でも、楠くんは本当に心配そうな顔をしている。
そのかわいらしい顔を見て私の悪戯心に火がついた。
「…ちょ、楠くん気をつけたほうがいいよ。あいつ、さっきから楠くんのこと見てる、ってゆーか見つめてる」
「…え、」
「楠くん、かわいい顔してるんだから本当気をつけてね」
「あ、あの、それって…」
「あいつ、きっと楠くんに一目惚れしたんだよ、絶対」
「何を言って…/////!」
そう言えば楠くんは真っ赤な顔になる。
うぅ…かわゆすぎるぜ!!
私って本当に性格が悪いんだと思う。
ニッコリと笑顔を向け、楠くんにトドメを刺した。
「あ、でも楠くんには広戸さんがいるもんね」
「////!だから違いますって!僕は由香さんみたいな女の人が好…!」
あ、れ?
楠くん、今、私みたいなのが好きって…
思わず「え?」と楠くんを見れば、先程とは比べものにならないくらい真っ赤な顔で、俯き加減に口を一文字にぎゅっと結んでいる。

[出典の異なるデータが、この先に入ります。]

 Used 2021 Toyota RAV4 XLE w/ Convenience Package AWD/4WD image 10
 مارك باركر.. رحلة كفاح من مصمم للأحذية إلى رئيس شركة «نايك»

……勘違いでなければ楠くん、もしかして私のこと…////
そう思ったら、私まで頬がじんわりと赤くなっていくのがわかった。
こ、この場をどうやり過ごそうか…////
なんて考えていると…
「おい。てめぇらピーピーうるせぇぞ」
不機嫌を隠そうともしないあの男の声が背後から聞こえた。